Peter Mathieson’s announcement earlier this month that he was to resign as vice-chancellor of the University of Hong Kong (HKU) was almost as controversial as his appointment in 2014.
Chan Yuen-ying, director of HKU’s Journalism and Media Studies Centre, wrote on her blog in 2013 that “if a medical professor from the British city of Bristol, with a population of 430,000, is to parachute into Hong Kong to…safeguard our freedom, that’s a big joke”.
Now, after almost three years leading the institution, Professor Mathieson is facing a similar backlash from some after announcing that he will lead the University of Edinburgh from 2018.
In a recent South China Morning Post article titled “Vice-chancellor Peter Mathieson does not deserve Hong Kong”, columnist Michael Chugani labelled the university leader as “an opportunist” and questioned why the city state cannot hire its own talent.
“This is what we are – suckers who either can’t produce our own talent or have no faith in them. We pay top dollar to outsiders who either can’t handle the job or use us as a stepping stone,” he wrote.
Other articles in the Hong Kong press have also expressed concerns about Professor Mathieson’s “premature” resignation, which comes two years before his contract ends.
Speaking to Times Higher Education, Professor Mathieson admitted that the “timing is not ideal” and that “it was not in my nature to think of leaving HKU before I had finished my term”.
However, he “wasn’t certain whether or not I would be offered a second term” at HKU and the post at Edinburgh was “too good an opportunity for me to turn down”, he said.
He was most “persuaded” to apply for the top job at Edinburgh because of the “degree of match that there seemed to be between what Edinburgh were looking for and what I thought I had to offer”, he added.
For instance, Professor Mathieson’s experience working in Asia gives him unique credentials to drive the Scottish institution’s internationalisation, while his “widening participation background” also suits the university’s goals around access.

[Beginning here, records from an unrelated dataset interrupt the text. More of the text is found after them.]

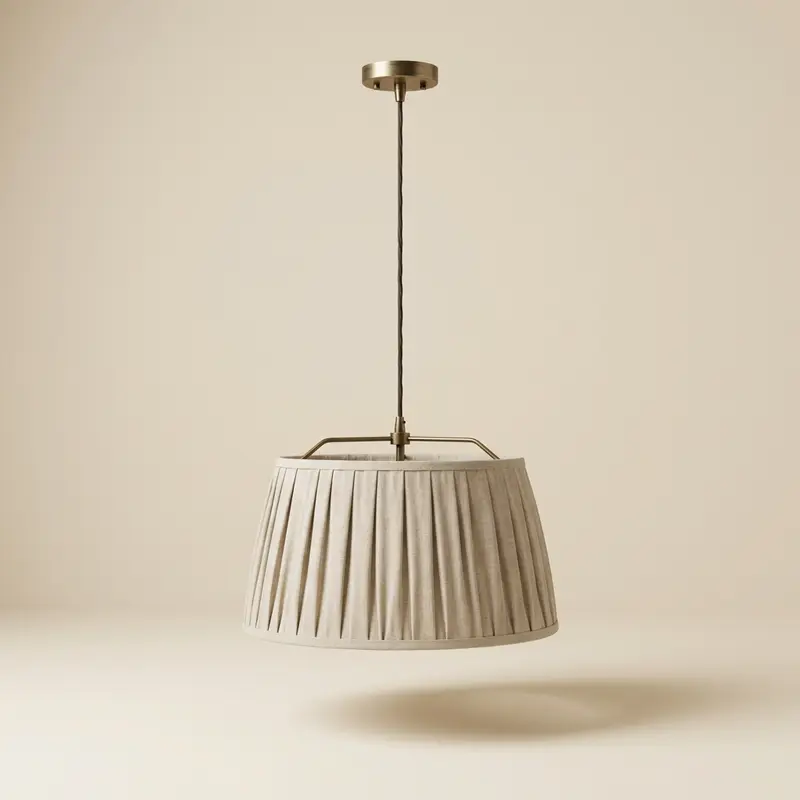 Mere pleated linen pendant in Oat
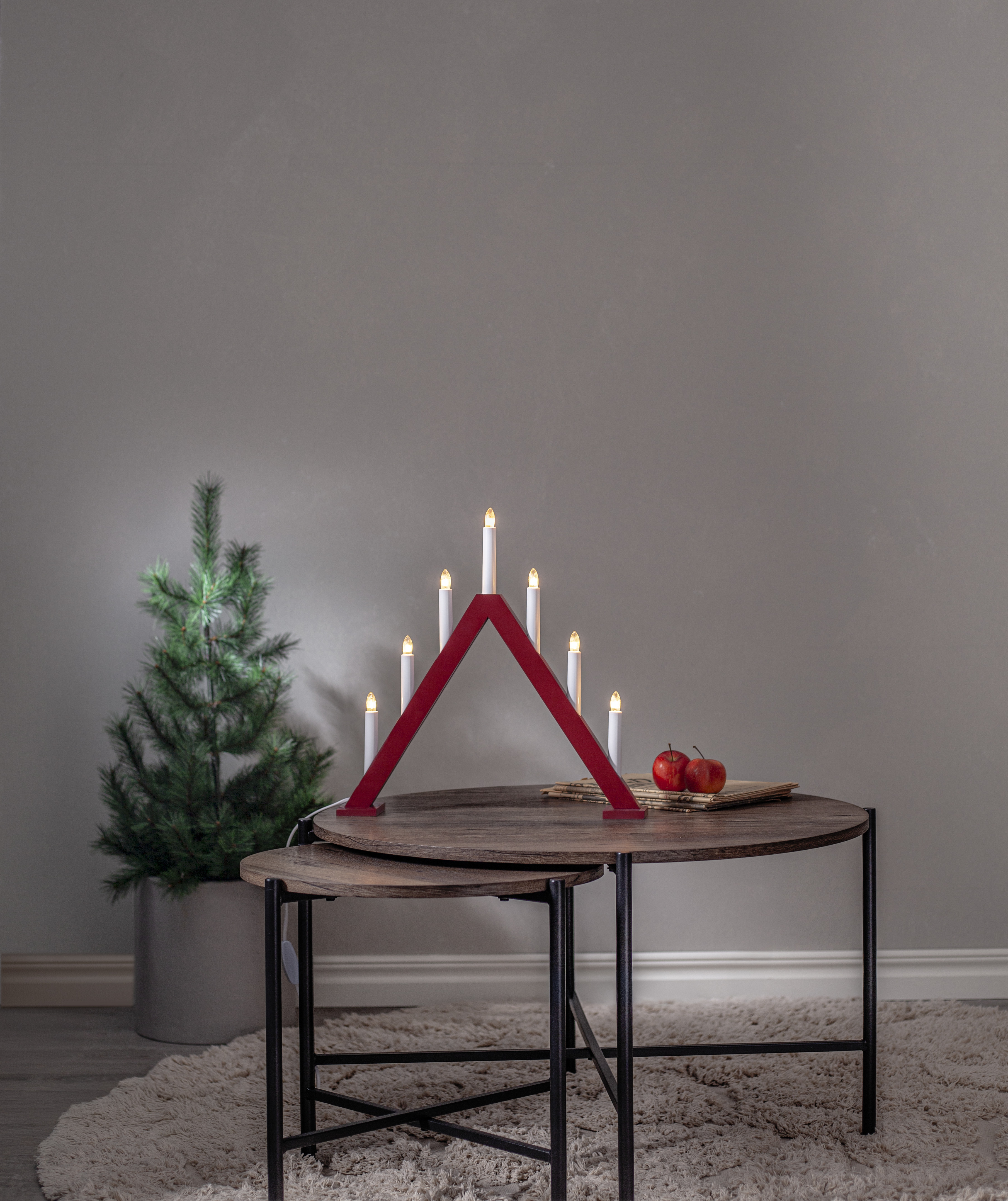 Candlestick Tyra - 43x43 cm - Red - 3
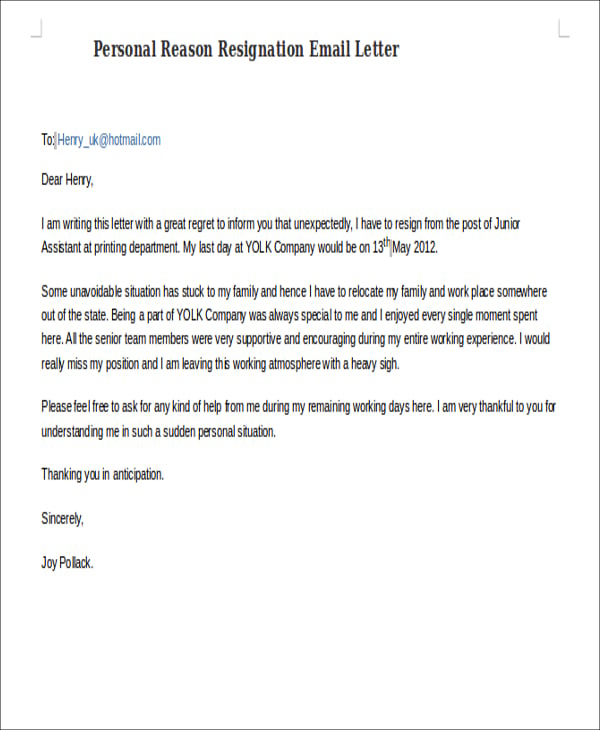 personal reason resignation email letter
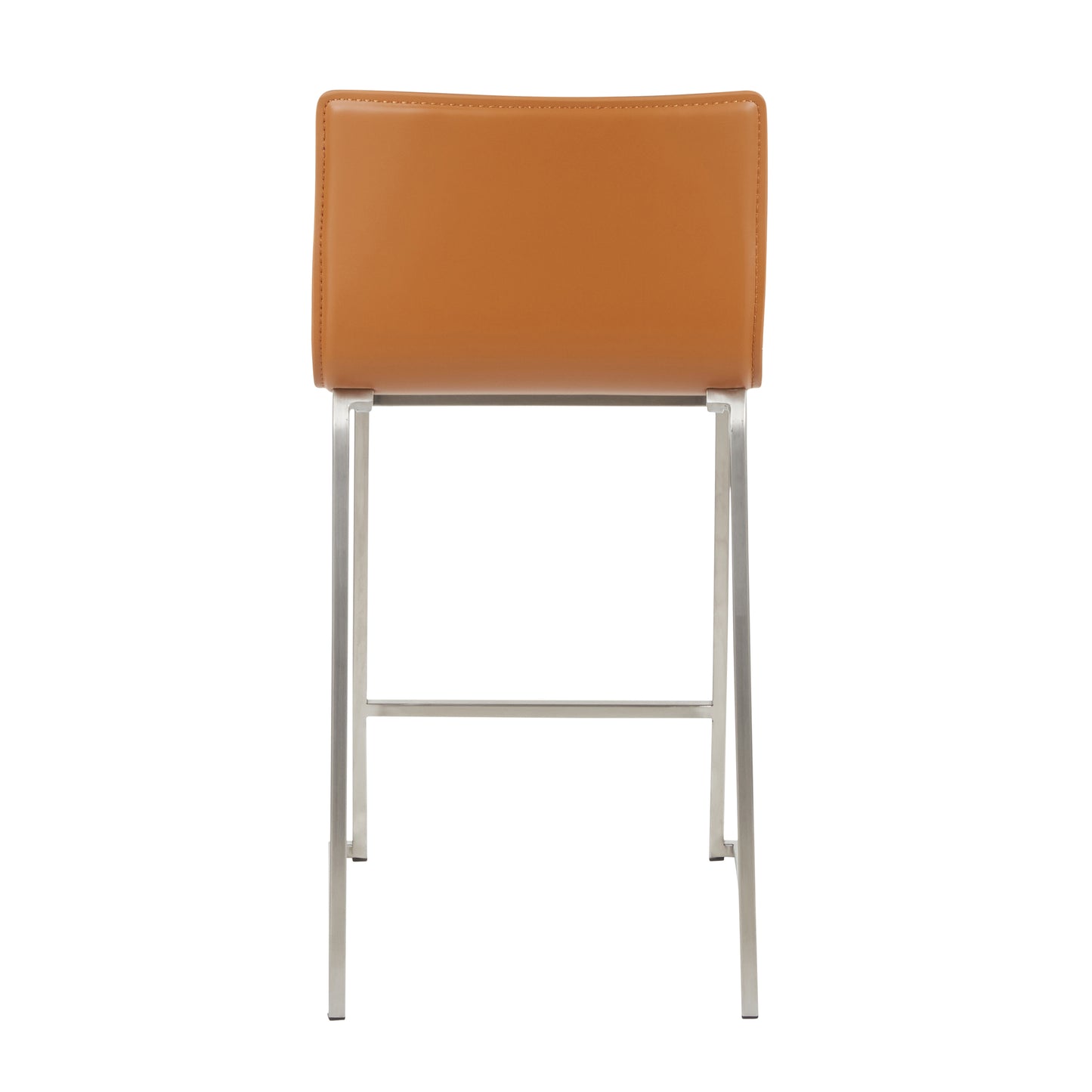 Maxorith - Set of 2 - 26" Contemporary Counter Stools with Brushed Stainless Steel Frame and Camel Faux Leather Upholstery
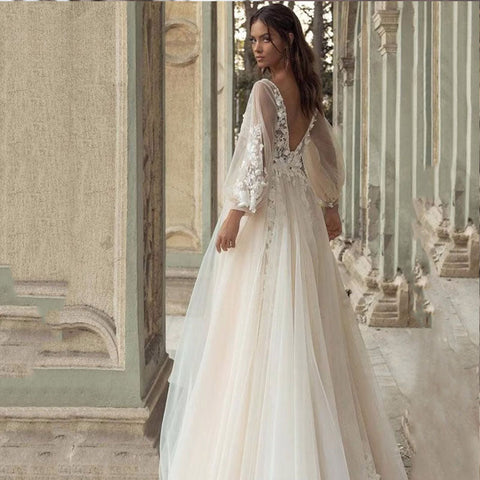 Charming Long Puffy Sleeves Wedding Dresses A-Line V Neck Appliques Open Back Sweep Train Bridal Gown Custom Made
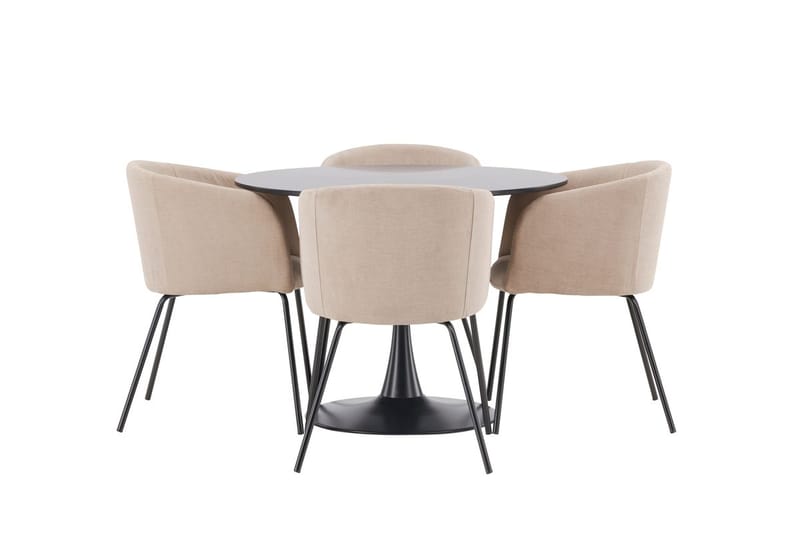 Rund matgrupp Venture Home Beige Svart 4st - Møbler - Bord - Spisegrupper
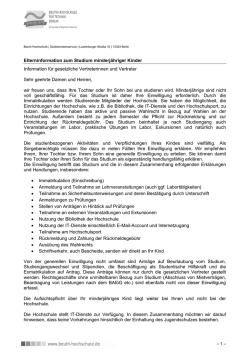 Infobrief Minderj&auml;hrige - Beuth Hochschule f&uuml;r Technik Berlin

Professor Mathieson said he also had a “sentimental” attachment to Edinburgh as his father was born and brought up there.
“There was a romantic idea in thinking I could go and finish my career in the city where my father was born,” he said.
His decision to leave Hong Kong comes after Professor Mathieson led HKU through some of the most tumultuous times in its history.
Five months after taking over the helm, Occupy Central began. HKU’s staff and students were among the leaders of the movement, which protested against Beijing’s influence in Hong Kong and China’s decision to screen candidates in the 2017 election for the territory’s leadership.
In 2015, the university’s council voted to reject the appointment of a liberal professor to the post of pro vice-chancellor, against Professor Mathieson’s wishes, resulting in a fresh academic freedom row.
Professor Mathieson said academic freedom is “alive and well in Hong Kong and at HKU” but he admitted that he has “spent a lot of time and effort” articulating the importance of such autonomy.
“People sometimes misuse the term academic freedom. People outside universities sometimes think it means universities believe that they’re untouchable and they can do whatever they like without any accountability. And I don’t believe that is the case,” he said.
“But I do believe in academic freedom and I do believe in institutional autonomy in as far as it can be achieved in a publicly funded system.”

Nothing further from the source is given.